** Opening Extracted entries block **

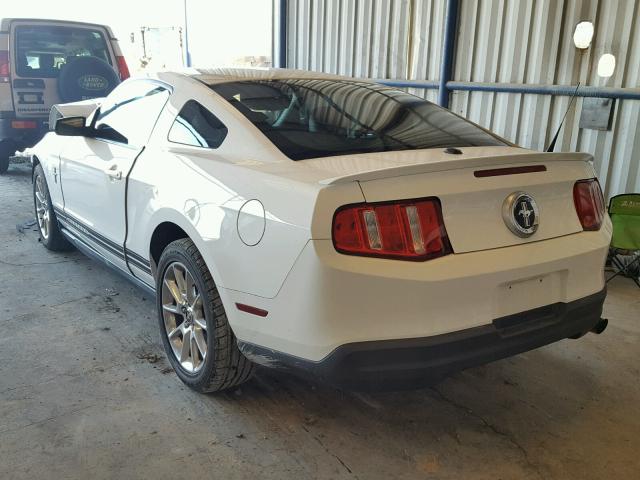 1ZVBP8AN1A5142985 - 2010 FORD MUSTANG WHITE photo 3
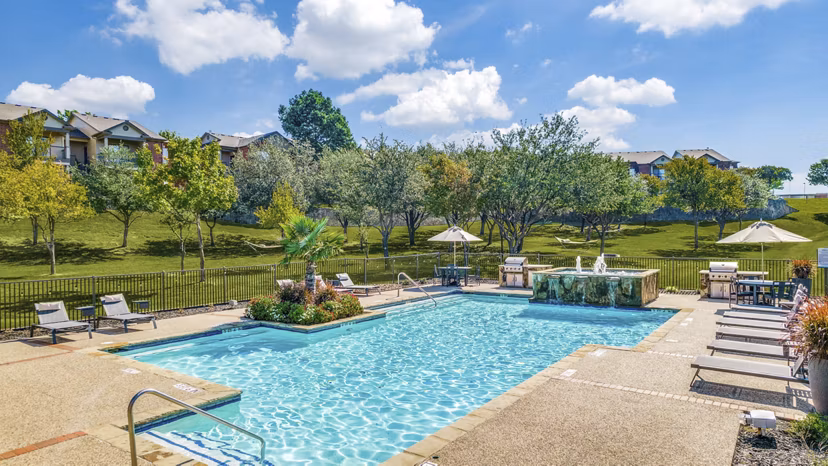 pool at Mission Rockwall Apartments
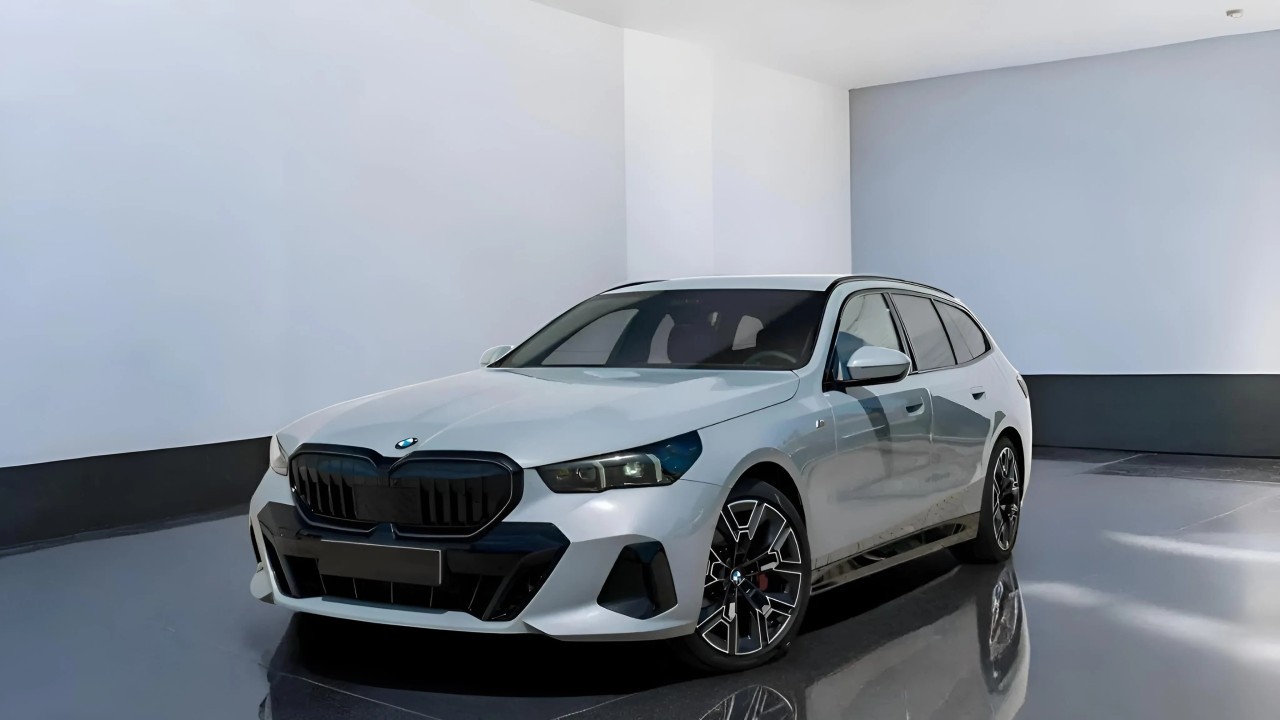 BMW Seria 5 520d xDrive Touring M-Sport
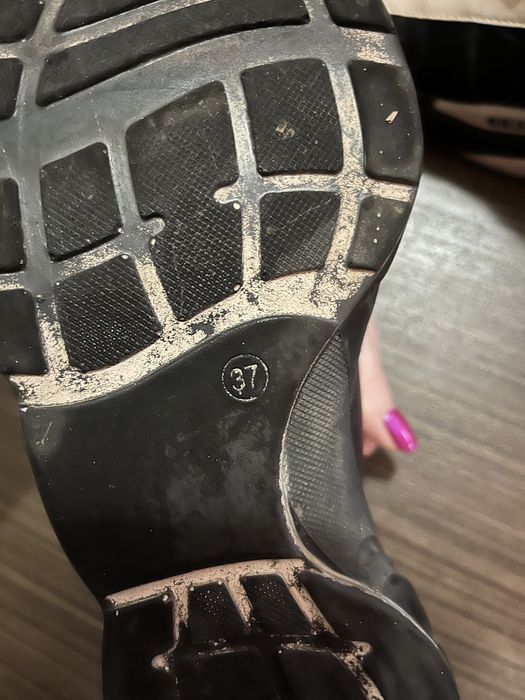 Кроссовки женские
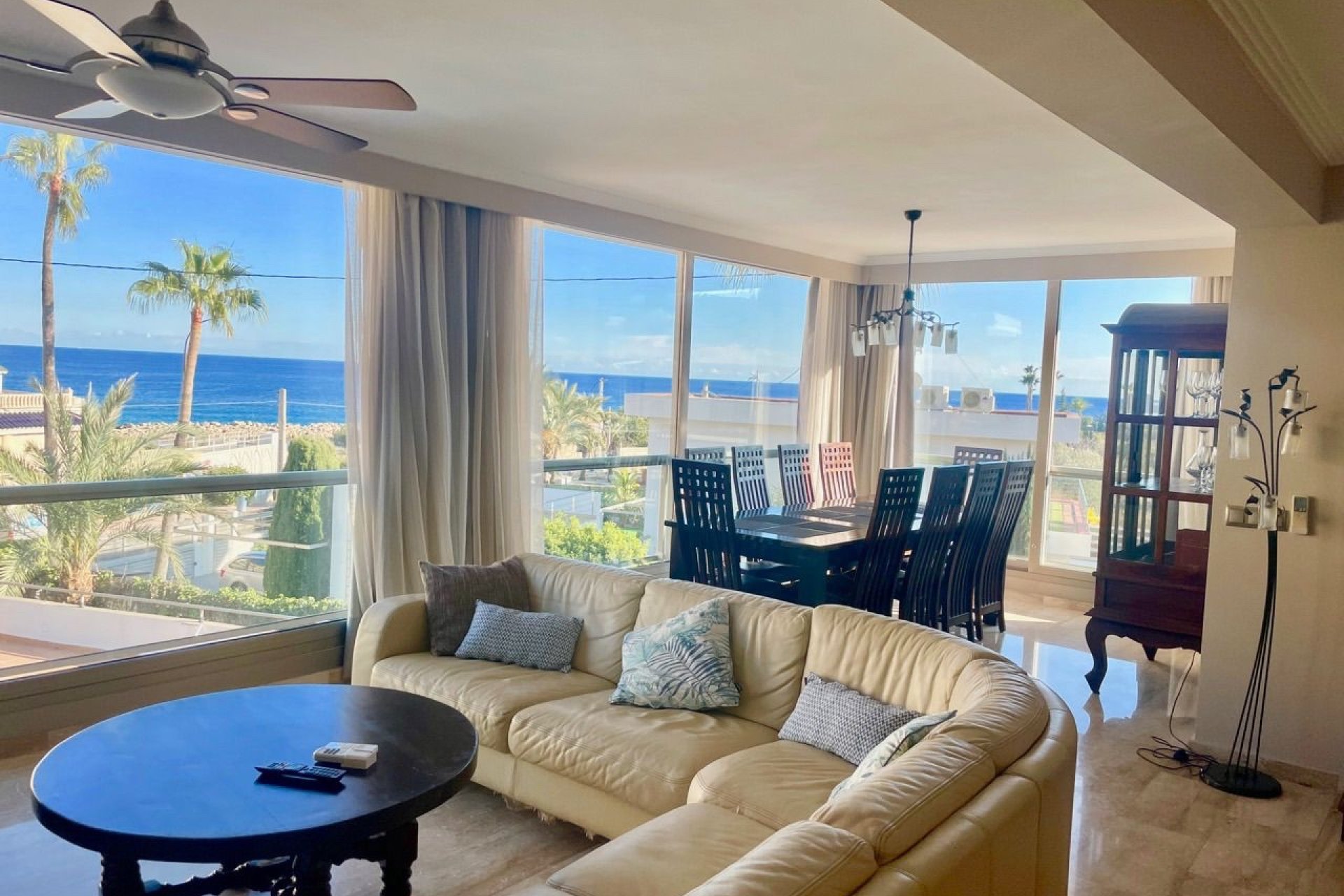 Resale -  Chalet / Villa -
El Campello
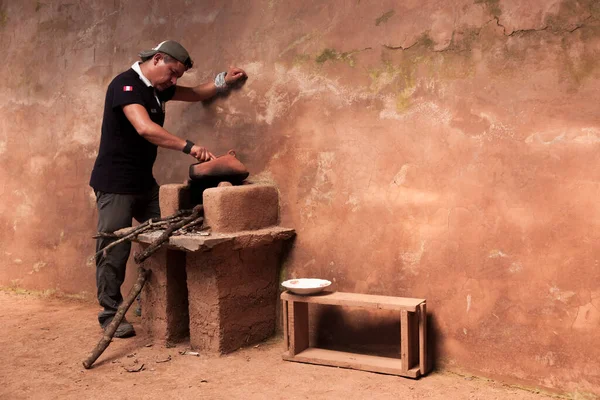 Inca 'nın yolu, Peru-Haziran 02, 2015: Inca' nın MachuPicchu yolu üzerinden 15 gün yürümek. Genç bir adam, ormanın içinden Aguas Calientes 'e kadar kahvenin nasıl kızardığını gösteriyor.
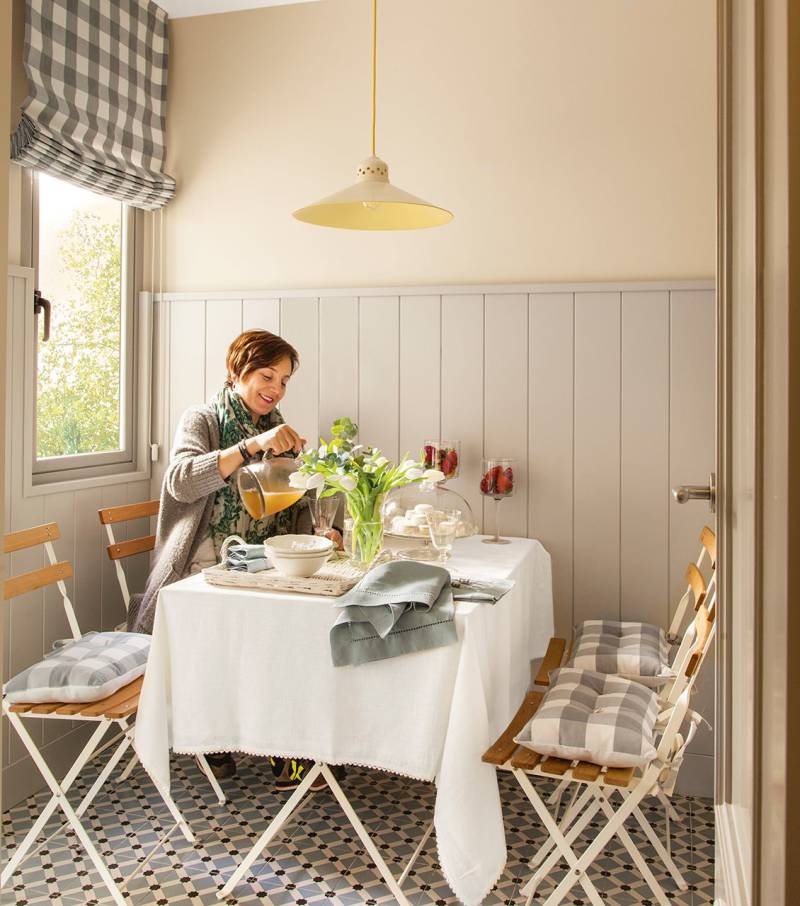 Mobilier de jardin dans la zone intérieure de la cuisine de 8 mètres carrés. m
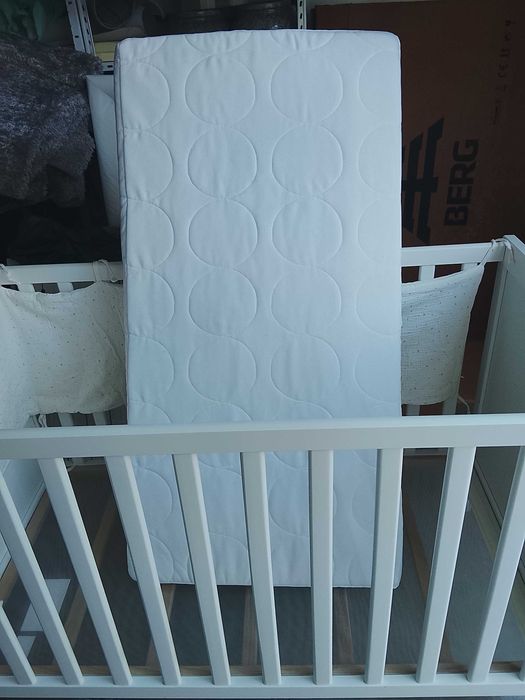 Cama de bebé em madeira, branca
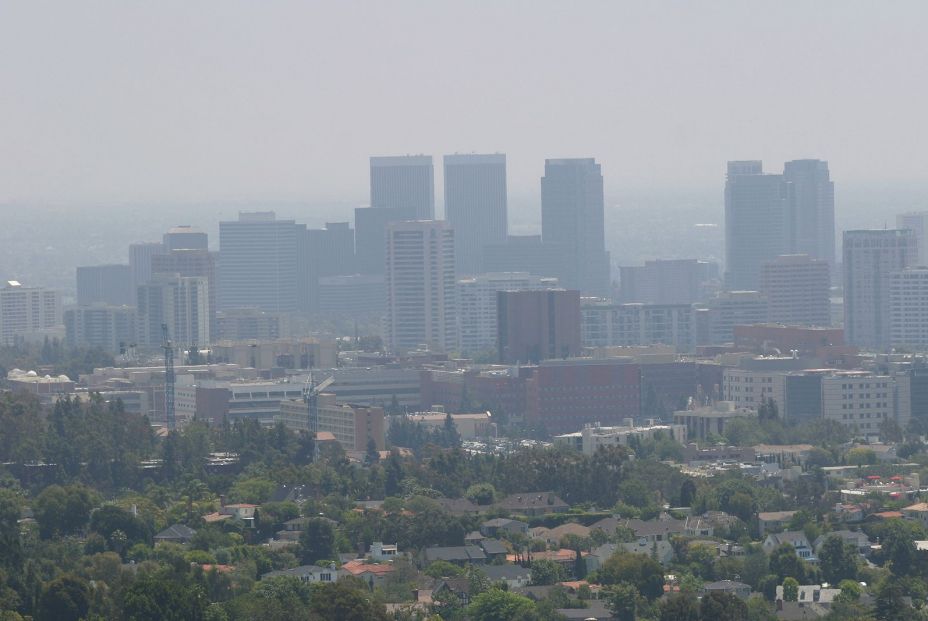 Un estudio revela que la contaminación del aire puede dañar tu piel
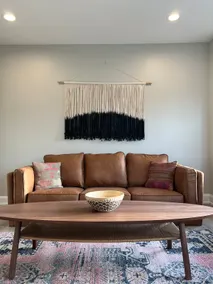 Bright & Airy 2 Bedroom Apartment in Buffalo, NY - Image 3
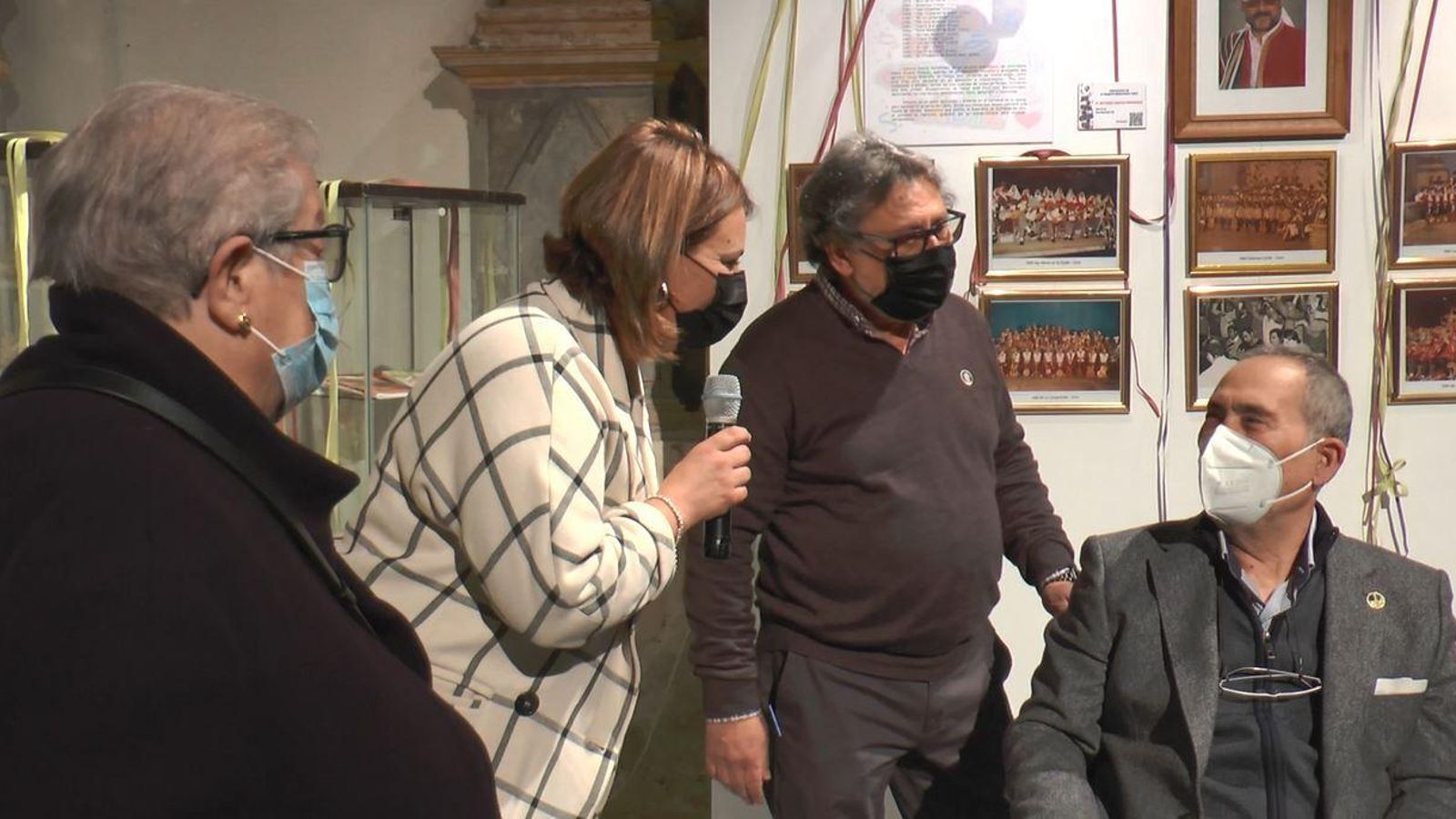 La alcaldesa se dirige a Antonio García durante el acto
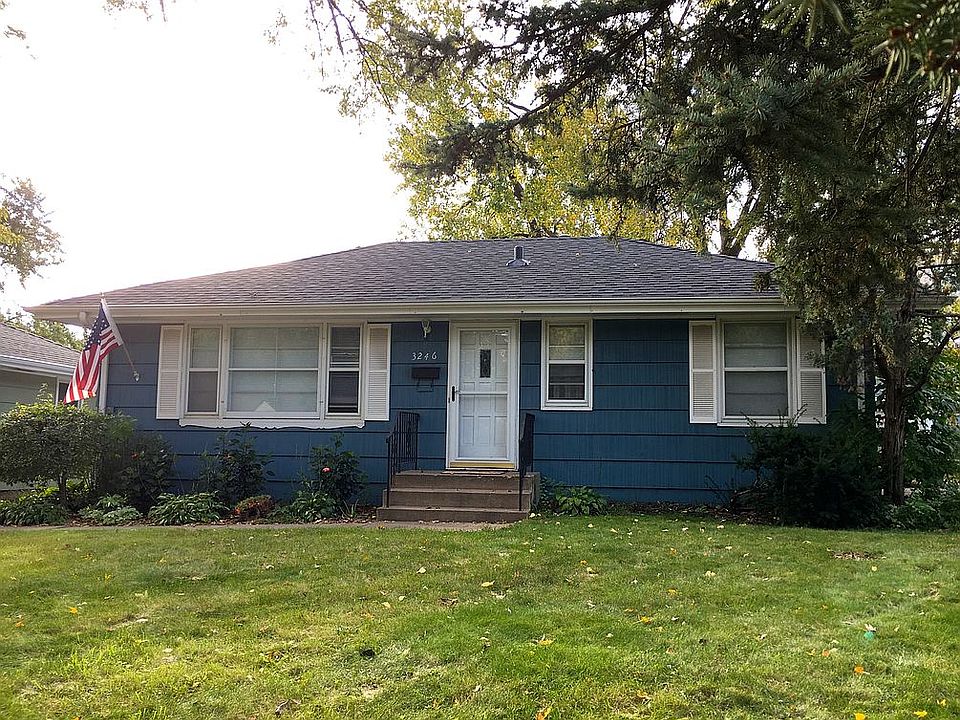Convenient St. Louis Park location! 2 car garage!
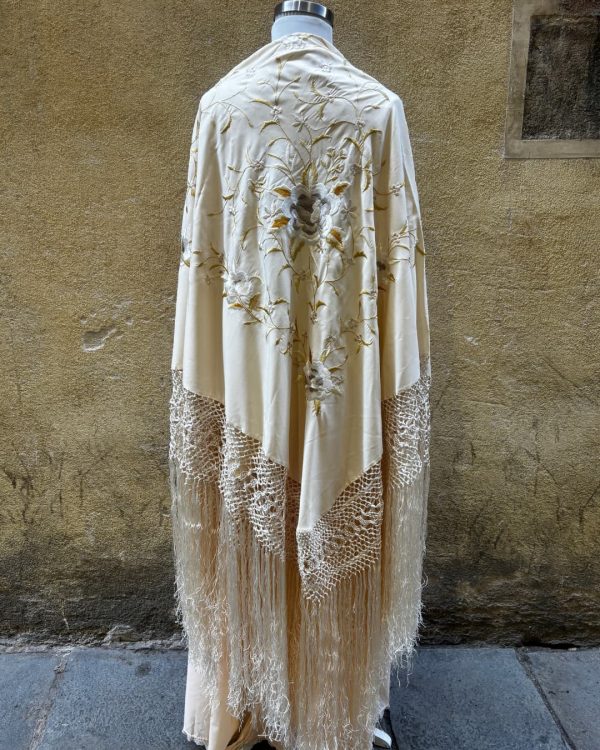 mantón bordado marfil bordado beige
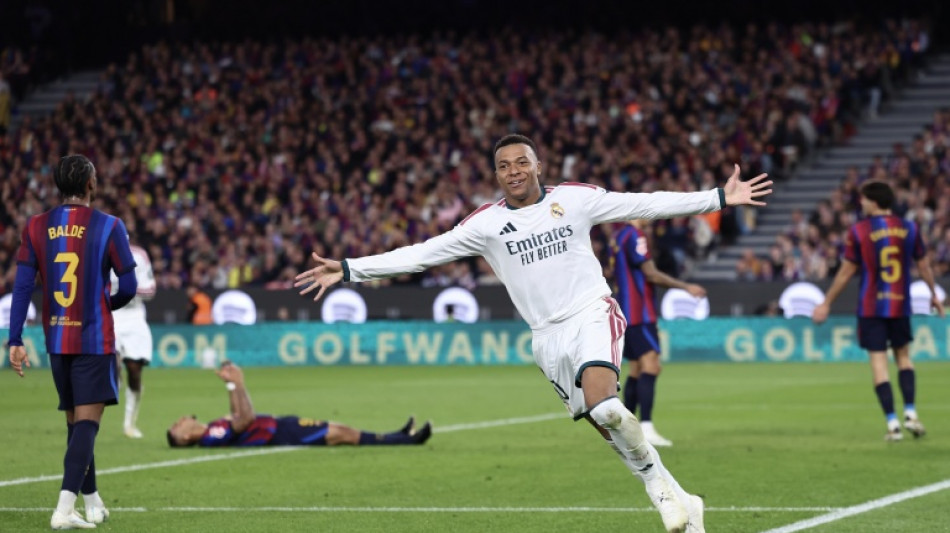 Espagne: Mbapp&eacute; foudroie le Bar&ccedil;a et offre le Clasico au Real Madrid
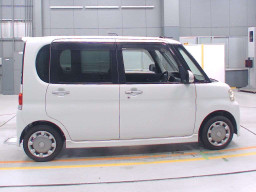 2013 Daihatsu Tanto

** Closing Extracted entries block **

Work request =
Above are the records; repeat their lines from the first through the line containing "El Campello", and leave out each picture.

Task result =
 1ZVBP8AN1A5142985 - 2010 FORD MUSTANG WHITE photo 3
 pool at Mission Rockwall Apartments
 BMW Seria 5 520d xDrive Touring M-Sport
 Кроссовки женские
 Resale -  Chalet / Villa -
El Campello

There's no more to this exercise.